L’existentialiste en Maserati

Françoise Sagan en 1989 
Photo: Jacques Grenier archives Le Devoir Françoise Sagan en 1989 

Certains auteurs semblent immortels, d’autres sombrent dans l’oubli. Après un temps, qu’en reste-t-il ? Dans sa série mensuelle Faut-il relire… ?, Le Devoir revisite un de ces écrivains avec l’aide d’admirateurs et d’observateurs attentifs. Aujourd’hui, celle que François Mauriac avait qualifiée de « charmant petit monstre » après la parution de son premier roman, Bonjour tristesse (1954), qui a séduit des millions de lecteurs : Françoise Sagan.

En mai 1968, après plus de 10 ans de succès littéraires et de manchettes sensationnalistes, Françoise Sagan prenait part à une assemblée enflammée d’étudiants au théâtre de l’Odéon, à Paris. On ironise alors sur le fait que cette « camarade » serait venue en Ferrari, ce à quoi elle réplique : « Faux.
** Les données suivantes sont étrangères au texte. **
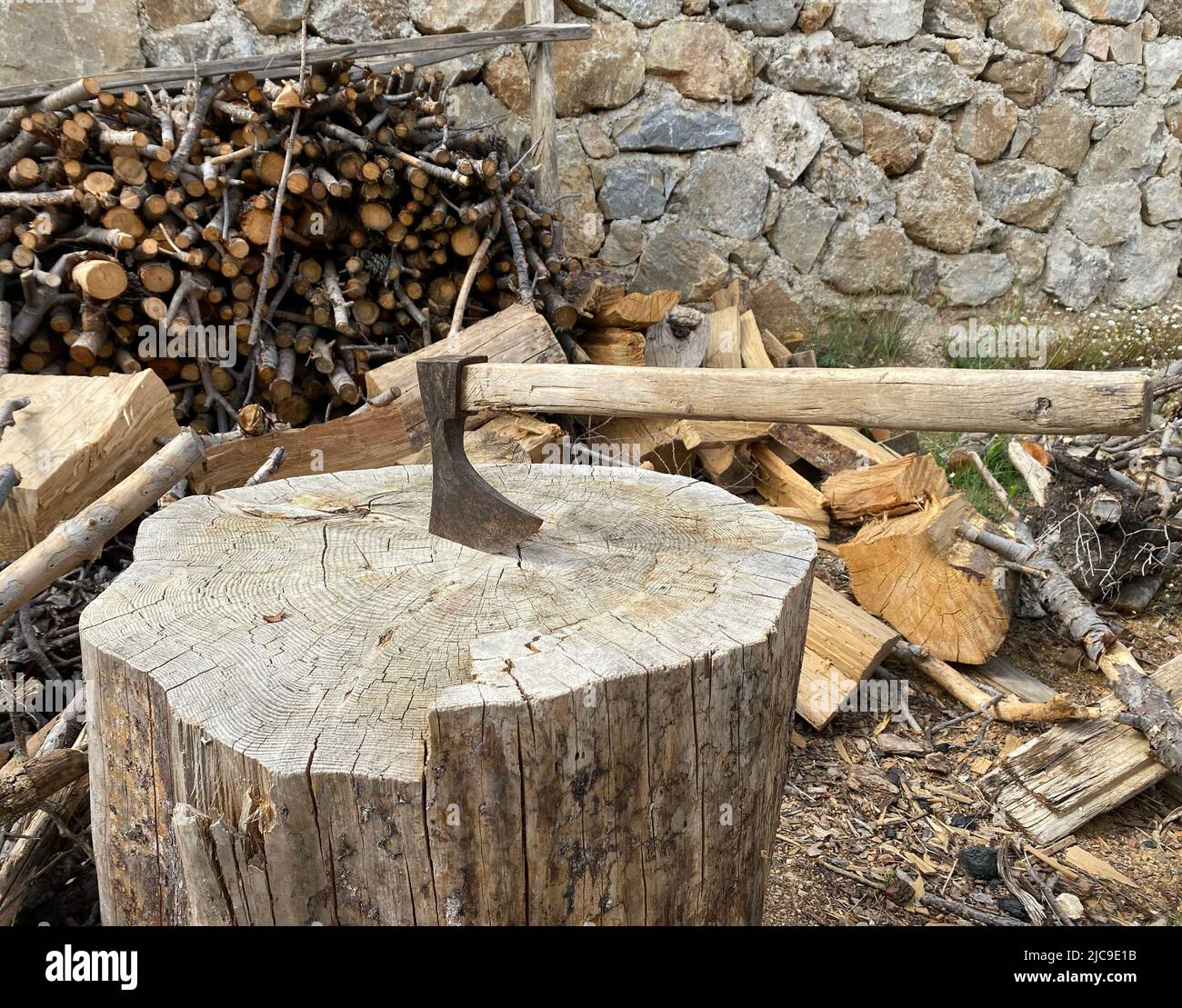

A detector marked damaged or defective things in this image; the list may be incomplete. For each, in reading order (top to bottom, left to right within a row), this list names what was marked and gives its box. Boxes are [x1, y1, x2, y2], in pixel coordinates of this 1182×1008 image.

C’est une Maserati ! »

L’anecdote en dit long sur le sens de l’autodérision de celle qu’on avait surnommée « la dernière des existentialistes », amie de Jean-Paul Sartre au soir de sa vie. Selon Valérie Mirarchi, autrice de Françoise Sagan ou l’ivresse d’écrire, cette bravade symbolise bien celle qui « fait découvrir le parfum d’une autre époque », mais qui affiche aussi un avant-gardisme beaucoup plus grand que la hargne de ses détracteurs. « Mai 68, elle le fait en 1954 avec la parution de Bonjour tristesse », affirme cette docteure en philosophie et professeure.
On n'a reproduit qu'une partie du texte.